When Ava Chen arrived at Westbrook Middle School on Friday evening, she did not step out of a minivan. She emerged from a 23-bike procession led by members of the Iron Road Riders, a local motorcycle club that had spent weeks planning a surprise escort for the sixth grader's first school dance.

The roar of Harley-Davidsons, Triumphs, and a single bright red Indian Motorcycle filled the school parking lot at 6:15 p.m. Flags snapped in the April wind—some bearing the club's black-and-silver emblem, others the purple-and-gold colors of Ava's school. Classmates pressed against the cafeteria windows. Ava, who had been riding in the sidecar of club president Mike Torres's Road King, removed her helmet and laughed into her hands.

"I couldn't stop smiling," she said later. "My face hurt."

A Ride Born from Loss

The procession was not random kindness. Ava's father, David Chen, had been an Iron Road Riders member for eight years before his death from cancer in 2022. Torres, 54, said he learned from Ava's mother, Lin, that the 12-year-old had been asking questions about her father's bike—where it was, whether she would ever hear that engine again.

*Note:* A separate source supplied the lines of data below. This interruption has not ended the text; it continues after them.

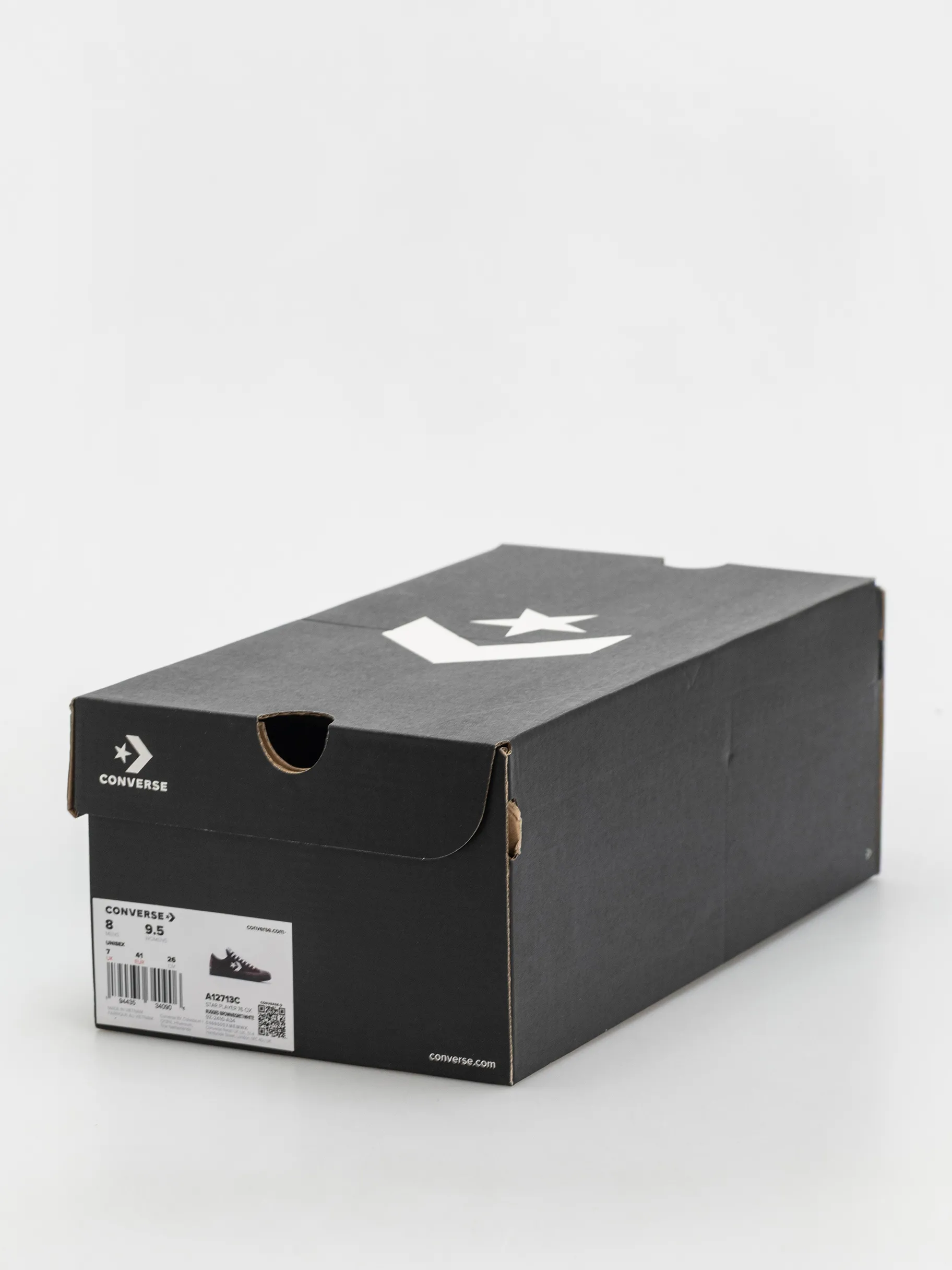 Converse Star Player 76 Ox Shoes
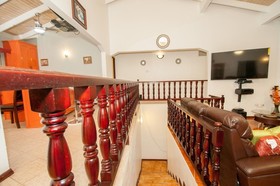 Orchid Palace Villa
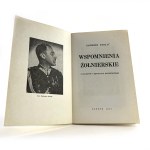 Schally Kazimierz - Erinnerungen eines Soldaten. Von den Legionen bis zur bolschewistischen Revolution.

"Dave used to talk about Ava's first dance like it was this far-off thing he couldn't wait to embarrass her at," Torres said. "When we realized the date was coming up, a few of us looked at each other and said, 'We need to be there.'"

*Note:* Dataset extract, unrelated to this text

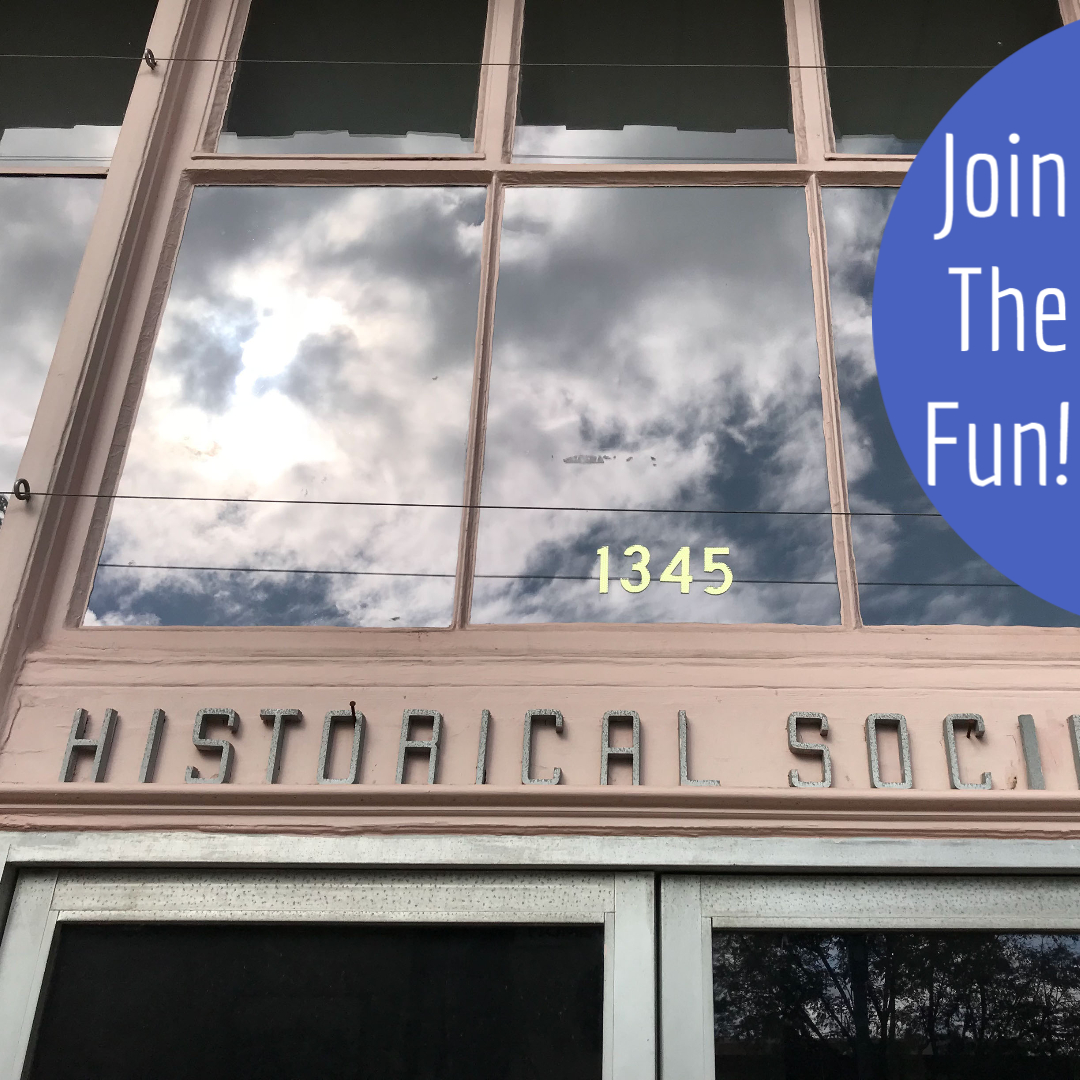 30. Join the Torrance Historical Society for their Annual Meeting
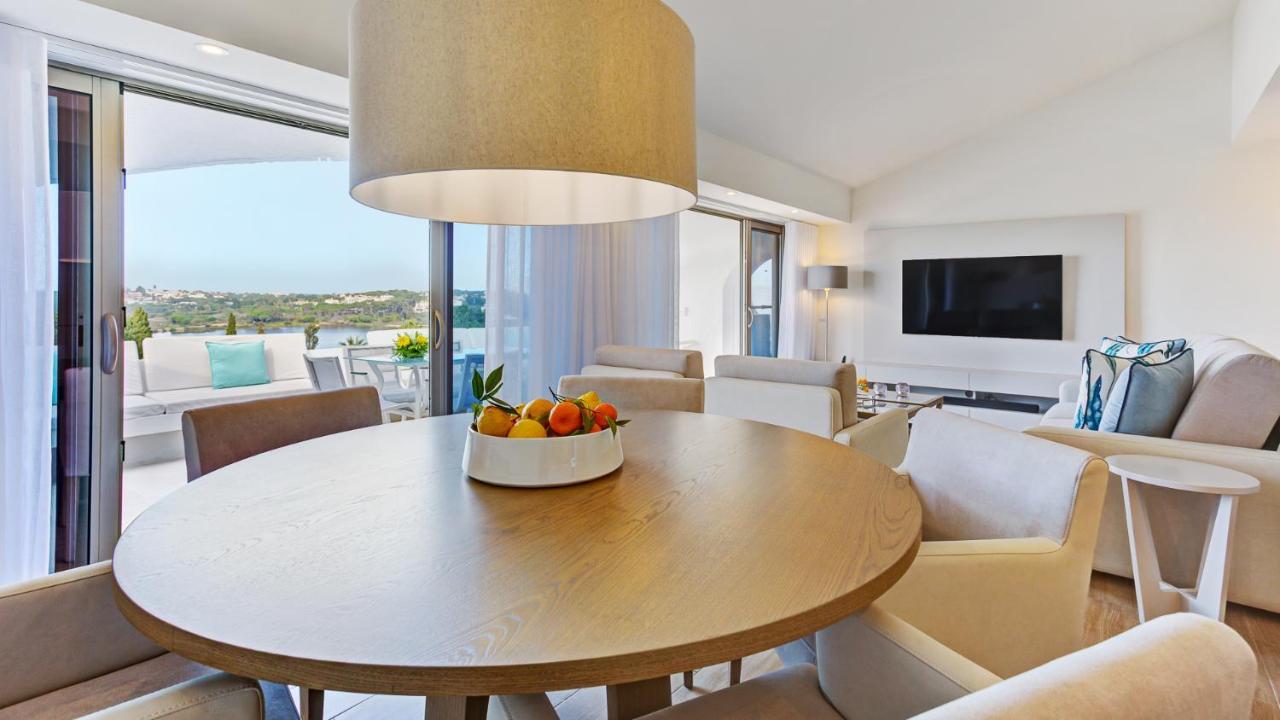 Quinta Do Lago Country Club Exterior foto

What started as a half-joking suggestion in the club's group chat became a coordinated operation. Seventeen club members cleared their schedules. Six additional riders from a neighboring chapter asked to join. One member, a mechanic, spent three evenings tuning David Chen's stored Harley so it could lead the procession riderless, its headlamp burning, his leather vest draped over the sissy bar.

The Arrival

The group met at a diner two miles from Westbrook Middle School, where Torres presented Ava with a borrowed helmet—pink, with stickers she added herself. They rode through town in formation, stopping traffic at two intersections where local police had agreed to block cross streets.

At the school, assistant principal Denise Okonkwo met them outside. She had received one heads-up call the day before but had not expected nearly two dozen bikes.

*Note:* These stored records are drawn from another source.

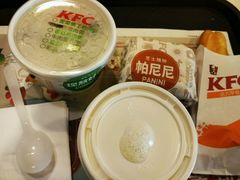 -肯德基(尖岭万达店)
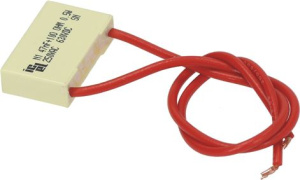 ФИЛЬТР ПОДАВЛЕНИЯ ПОМЕХ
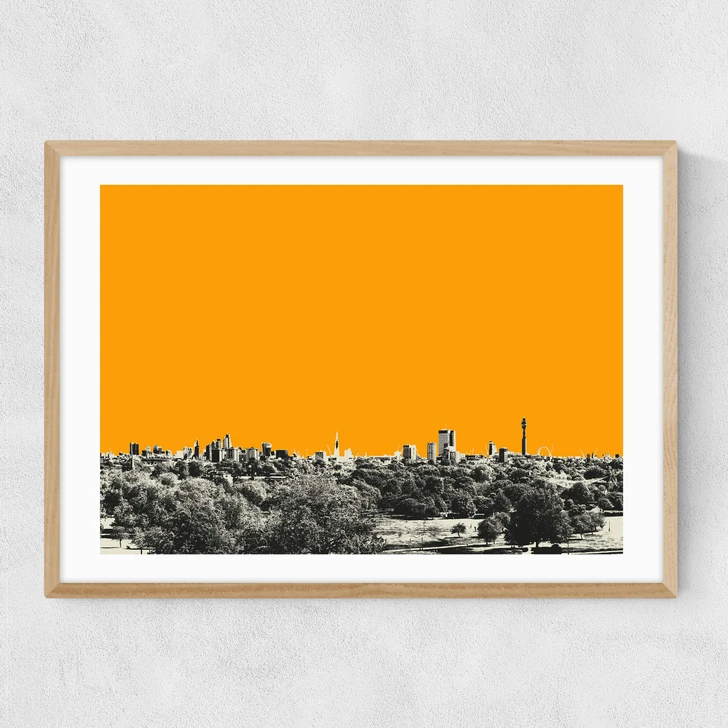 Primrose Hill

"The ground was actually vibrating," Okonkwo said. "Then Ava took off that helmet, and her hair was everywhere, and she just stood there looking at all these people who came for her. I've worked here fourteen years. I've never seen an entrance like it."

Ava's classmates began filing out of the building. Some filmed on phones. Others, initially hesitant, approached the bikes with questions Torres and the other riders answered patiently. Ava moved through the crowd in the black dress her mother had helped her pick out, touching the handlebar of her father's motorcycle once before following her friends inside.

Beyond the Stereotype

The Iron Road Riders, founded in 2011, organize charity rides and annual toy drives but rarely draw attention to individual acts. Several members arrived Friday in vests patched with military service ribbons. One rider, 31-year-old newcomer Jasmine Voss, had joined the club only three months earlier.

"I don't have kids," Voss said. "I don't know Ava. But I know what it means when your people show up. That's the whole reason most of us ride."

Lin Chen watched the procession from the parking lot perimeter, declining multiple offers to ride along. She wanted the moment to belong to her daughter.

"Dave would have made a huge production of this," she said. "He would have loved that it was too loud and that everyone was staring. He would have absolutely loved it."

Ava stayed at the dance for two and a half hours. When it ended, three club members were still in the parking lot, engines cooling, ready to ride her home.